MATERIAL TO PROCESS:
--------

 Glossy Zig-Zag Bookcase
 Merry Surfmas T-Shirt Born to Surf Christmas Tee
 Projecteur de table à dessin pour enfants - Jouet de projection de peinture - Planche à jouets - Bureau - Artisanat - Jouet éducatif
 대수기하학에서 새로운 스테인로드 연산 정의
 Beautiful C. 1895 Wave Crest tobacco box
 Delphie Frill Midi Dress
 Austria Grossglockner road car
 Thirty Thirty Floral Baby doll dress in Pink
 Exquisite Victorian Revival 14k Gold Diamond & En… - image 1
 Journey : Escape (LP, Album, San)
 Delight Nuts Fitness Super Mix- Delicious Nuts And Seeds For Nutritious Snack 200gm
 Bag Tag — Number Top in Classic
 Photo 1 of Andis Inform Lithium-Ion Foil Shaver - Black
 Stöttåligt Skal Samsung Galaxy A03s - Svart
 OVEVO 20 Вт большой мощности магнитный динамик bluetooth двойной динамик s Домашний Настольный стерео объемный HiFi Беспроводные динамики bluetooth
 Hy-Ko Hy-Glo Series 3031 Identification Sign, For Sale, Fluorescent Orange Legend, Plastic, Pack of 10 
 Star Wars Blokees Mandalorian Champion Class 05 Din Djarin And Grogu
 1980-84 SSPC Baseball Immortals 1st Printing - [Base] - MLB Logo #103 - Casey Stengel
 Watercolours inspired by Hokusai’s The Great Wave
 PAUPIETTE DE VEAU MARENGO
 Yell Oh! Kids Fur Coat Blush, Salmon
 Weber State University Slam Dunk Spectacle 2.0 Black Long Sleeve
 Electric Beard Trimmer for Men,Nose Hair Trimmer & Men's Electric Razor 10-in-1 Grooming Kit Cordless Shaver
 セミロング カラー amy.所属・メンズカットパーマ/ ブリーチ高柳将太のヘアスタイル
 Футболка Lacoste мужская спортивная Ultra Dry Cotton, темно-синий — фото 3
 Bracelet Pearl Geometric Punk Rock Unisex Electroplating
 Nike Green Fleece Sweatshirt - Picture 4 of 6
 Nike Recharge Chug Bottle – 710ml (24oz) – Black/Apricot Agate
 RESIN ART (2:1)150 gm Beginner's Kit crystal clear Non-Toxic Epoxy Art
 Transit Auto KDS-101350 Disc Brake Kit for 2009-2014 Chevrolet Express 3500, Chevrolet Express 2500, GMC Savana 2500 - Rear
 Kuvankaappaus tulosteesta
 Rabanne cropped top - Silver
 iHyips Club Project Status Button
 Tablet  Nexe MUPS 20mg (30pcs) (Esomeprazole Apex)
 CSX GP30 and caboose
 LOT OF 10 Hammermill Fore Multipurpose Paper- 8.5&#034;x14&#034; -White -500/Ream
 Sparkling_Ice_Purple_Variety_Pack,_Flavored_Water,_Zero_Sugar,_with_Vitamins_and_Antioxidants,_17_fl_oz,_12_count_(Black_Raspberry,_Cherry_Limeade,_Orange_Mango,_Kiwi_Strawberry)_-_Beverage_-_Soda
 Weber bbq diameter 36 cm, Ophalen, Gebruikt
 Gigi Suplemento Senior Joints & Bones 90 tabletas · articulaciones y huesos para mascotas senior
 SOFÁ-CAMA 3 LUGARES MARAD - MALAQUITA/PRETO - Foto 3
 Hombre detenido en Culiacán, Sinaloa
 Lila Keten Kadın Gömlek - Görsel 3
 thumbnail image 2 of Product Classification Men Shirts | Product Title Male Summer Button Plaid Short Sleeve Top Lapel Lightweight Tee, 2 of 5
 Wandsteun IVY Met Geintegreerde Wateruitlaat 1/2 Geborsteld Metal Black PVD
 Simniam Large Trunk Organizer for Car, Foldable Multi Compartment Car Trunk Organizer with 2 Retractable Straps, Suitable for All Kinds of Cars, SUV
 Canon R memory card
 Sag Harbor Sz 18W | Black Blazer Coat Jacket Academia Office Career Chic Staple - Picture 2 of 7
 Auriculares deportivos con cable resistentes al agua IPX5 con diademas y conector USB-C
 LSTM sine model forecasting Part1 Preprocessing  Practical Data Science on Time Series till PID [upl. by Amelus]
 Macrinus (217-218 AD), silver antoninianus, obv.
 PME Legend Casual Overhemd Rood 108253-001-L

--------

WORK INSTRUCTIONS:
What lines of the listing above hold "Wave"? Copy all of them.

ANSWER TO THE EXERCISE:
 Beautiful C. 1895 Wave Crest tobacco box
 Watercolours inspired by Hokusai’s The Great Wave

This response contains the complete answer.